But maybe this is how people feel sometimes, when things aren't going right and show no signs of turning around any time soon.  Perhaps we might feel that things should find a way to work out, even if that way isn't very clear at the time.  During those times we depend on our family, spend time with the people we love, and cherish our relationships, while at the same time trying to realize that all of them are temporary in a sense.
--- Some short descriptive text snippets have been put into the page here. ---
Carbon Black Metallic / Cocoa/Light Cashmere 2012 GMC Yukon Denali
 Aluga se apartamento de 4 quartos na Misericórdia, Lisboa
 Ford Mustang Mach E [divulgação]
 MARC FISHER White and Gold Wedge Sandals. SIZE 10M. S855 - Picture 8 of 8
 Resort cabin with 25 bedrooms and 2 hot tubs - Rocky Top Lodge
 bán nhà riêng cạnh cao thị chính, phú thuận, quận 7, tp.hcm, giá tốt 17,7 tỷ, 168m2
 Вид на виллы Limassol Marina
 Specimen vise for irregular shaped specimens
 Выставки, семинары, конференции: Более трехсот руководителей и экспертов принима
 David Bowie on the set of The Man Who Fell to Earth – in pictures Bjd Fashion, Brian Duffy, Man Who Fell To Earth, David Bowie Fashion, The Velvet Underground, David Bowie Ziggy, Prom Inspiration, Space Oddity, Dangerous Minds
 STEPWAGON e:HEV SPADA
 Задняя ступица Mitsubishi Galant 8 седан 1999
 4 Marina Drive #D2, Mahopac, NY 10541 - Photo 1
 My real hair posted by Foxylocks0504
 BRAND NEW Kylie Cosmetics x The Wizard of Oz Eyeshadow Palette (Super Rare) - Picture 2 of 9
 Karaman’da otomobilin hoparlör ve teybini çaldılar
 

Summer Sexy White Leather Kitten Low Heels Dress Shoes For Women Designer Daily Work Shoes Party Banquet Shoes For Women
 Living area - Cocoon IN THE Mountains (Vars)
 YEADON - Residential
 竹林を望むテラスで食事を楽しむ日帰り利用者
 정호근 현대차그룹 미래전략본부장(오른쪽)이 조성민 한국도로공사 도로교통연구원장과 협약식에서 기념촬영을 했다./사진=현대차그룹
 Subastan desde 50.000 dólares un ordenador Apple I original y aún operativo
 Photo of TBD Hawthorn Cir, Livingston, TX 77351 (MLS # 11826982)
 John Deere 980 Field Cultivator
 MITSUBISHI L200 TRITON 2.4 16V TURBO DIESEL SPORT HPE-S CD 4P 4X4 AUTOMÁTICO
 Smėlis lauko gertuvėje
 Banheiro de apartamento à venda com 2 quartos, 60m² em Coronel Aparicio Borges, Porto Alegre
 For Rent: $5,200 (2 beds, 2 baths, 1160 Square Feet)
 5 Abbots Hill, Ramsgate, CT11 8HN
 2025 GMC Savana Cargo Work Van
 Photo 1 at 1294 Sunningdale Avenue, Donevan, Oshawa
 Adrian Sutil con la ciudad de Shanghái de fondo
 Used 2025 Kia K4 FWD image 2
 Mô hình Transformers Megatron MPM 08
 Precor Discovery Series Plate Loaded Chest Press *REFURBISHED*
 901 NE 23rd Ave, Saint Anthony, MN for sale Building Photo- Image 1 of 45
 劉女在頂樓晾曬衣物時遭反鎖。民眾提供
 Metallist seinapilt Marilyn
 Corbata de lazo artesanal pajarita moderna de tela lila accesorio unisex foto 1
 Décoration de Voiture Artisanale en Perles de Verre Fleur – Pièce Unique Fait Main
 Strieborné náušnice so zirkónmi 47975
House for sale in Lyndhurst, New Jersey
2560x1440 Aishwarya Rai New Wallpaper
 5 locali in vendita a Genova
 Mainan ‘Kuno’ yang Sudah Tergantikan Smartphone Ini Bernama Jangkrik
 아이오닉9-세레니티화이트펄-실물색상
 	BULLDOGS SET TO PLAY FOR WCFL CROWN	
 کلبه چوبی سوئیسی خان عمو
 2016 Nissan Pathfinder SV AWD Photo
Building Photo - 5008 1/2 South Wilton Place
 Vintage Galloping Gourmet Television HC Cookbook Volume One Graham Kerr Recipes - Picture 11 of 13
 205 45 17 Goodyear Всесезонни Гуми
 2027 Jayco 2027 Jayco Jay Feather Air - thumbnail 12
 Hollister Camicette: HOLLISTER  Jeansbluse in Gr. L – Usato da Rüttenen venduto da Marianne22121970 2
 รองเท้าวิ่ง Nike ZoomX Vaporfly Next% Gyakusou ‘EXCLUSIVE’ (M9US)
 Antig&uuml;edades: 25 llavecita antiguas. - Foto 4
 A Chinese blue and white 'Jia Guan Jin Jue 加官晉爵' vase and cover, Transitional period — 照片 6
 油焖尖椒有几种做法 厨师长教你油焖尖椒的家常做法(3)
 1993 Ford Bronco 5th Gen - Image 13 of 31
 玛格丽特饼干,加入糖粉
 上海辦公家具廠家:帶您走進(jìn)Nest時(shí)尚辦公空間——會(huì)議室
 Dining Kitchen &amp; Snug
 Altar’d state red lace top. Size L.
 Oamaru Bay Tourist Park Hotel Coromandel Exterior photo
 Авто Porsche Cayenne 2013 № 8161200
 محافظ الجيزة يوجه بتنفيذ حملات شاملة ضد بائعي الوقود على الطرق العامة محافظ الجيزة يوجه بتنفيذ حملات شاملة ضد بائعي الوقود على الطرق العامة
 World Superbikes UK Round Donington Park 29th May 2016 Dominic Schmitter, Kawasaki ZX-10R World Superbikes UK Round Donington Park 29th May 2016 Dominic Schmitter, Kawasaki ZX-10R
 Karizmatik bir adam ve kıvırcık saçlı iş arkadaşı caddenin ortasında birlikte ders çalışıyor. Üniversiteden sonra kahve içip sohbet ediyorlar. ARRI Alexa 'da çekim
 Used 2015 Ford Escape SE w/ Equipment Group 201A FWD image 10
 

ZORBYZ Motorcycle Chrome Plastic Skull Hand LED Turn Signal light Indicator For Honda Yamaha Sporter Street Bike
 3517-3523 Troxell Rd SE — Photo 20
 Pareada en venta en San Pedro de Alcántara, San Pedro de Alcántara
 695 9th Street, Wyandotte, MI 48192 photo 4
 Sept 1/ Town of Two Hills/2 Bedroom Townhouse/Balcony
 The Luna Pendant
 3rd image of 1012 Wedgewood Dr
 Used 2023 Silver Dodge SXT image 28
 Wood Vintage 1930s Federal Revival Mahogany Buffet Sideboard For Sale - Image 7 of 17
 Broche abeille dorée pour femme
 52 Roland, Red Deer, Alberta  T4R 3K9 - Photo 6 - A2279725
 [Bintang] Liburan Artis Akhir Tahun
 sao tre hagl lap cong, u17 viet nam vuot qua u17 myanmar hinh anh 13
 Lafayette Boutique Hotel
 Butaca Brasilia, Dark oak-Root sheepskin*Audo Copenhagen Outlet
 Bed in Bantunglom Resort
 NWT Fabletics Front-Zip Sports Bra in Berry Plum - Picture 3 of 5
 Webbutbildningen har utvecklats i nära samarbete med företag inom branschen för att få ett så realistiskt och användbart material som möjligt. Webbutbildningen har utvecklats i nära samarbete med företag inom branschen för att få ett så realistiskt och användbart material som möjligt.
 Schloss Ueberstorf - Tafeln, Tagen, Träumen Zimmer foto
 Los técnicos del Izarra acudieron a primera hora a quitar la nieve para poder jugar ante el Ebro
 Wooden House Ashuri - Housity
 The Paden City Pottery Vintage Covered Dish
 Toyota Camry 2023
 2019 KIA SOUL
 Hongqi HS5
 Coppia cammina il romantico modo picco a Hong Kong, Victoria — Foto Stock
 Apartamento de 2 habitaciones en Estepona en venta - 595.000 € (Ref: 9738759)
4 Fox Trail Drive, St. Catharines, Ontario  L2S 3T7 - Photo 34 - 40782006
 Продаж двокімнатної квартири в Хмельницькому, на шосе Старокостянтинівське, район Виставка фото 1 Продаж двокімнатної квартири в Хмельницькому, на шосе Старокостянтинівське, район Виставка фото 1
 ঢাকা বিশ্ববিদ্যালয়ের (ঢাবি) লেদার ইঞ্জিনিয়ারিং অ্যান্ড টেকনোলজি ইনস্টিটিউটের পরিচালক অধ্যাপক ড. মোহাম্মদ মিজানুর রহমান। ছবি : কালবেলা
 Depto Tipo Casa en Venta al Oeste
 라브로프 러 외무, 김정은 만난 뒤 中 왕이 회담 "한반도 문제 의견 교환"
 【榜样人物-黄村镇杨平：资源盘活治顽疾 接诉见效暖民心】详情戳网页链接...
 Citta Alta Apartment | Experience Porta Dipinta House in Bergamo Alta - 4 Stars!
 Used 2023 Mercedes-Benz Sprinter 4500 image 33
The main character has a couple of "Brazil"-like fantasy sequences, stemming from childhood fantasies where he and his brother pretended to be futuristic astronaut sword-wielding heroes, but unfortunately these sequences don't really have much of a narrative of their own, and just barely reflect what's going on in the real world, so ultimately they have almost no impact on the overall story.  It would have been nice if they were somehow more connected to what was going on in this man's life.  I guess you could say that he play-acted as a kid, then he grew up to be an actor, so maybe he is living out his childhood dream in a way, but this feels like a little too much of a stretch.

His brother, meanwhile, has no ambition other than to build a kick-ass spaceman costume for Comic-Con, all so he can impress the nerdy girl who lives next to his trailer, who's attending the same Comic-Con in a "furry" costume.  I'm conflicted by this part of the story, because it sort of lumps all the nerdy stereotypes about cosplayers into one too-tidy package, which isn't to say that those stereotypes aren't true, but making these sweeping generalizations about Comic-Con nerds seems a bit too simple, painting them all with the same brush.  Nerds are lazy, nerds have no ambition, nerds are "losers" - I'm sure some of them are, but certainly not all.  Some nerds are very successful, as we saw yesterday in "Hidden Figures", and in real life many of them are gainfully employed in important fields.  Then there's the easy fallback on "furries" as if they're all sexual deviants - I'm sure some of them are, but there are sexual freaks in all walks of life, lots of people are kinky in some way, and not all people who dress in furry costumes are just doing it to get laid.  Not everyone who goes to Comic-Con or dresses as a superhero or spaceman is doing it to get laid, either, although probably some of them are.  It just shouldn't be portrayed as the primary motivation to dress in costume, that's not accurate.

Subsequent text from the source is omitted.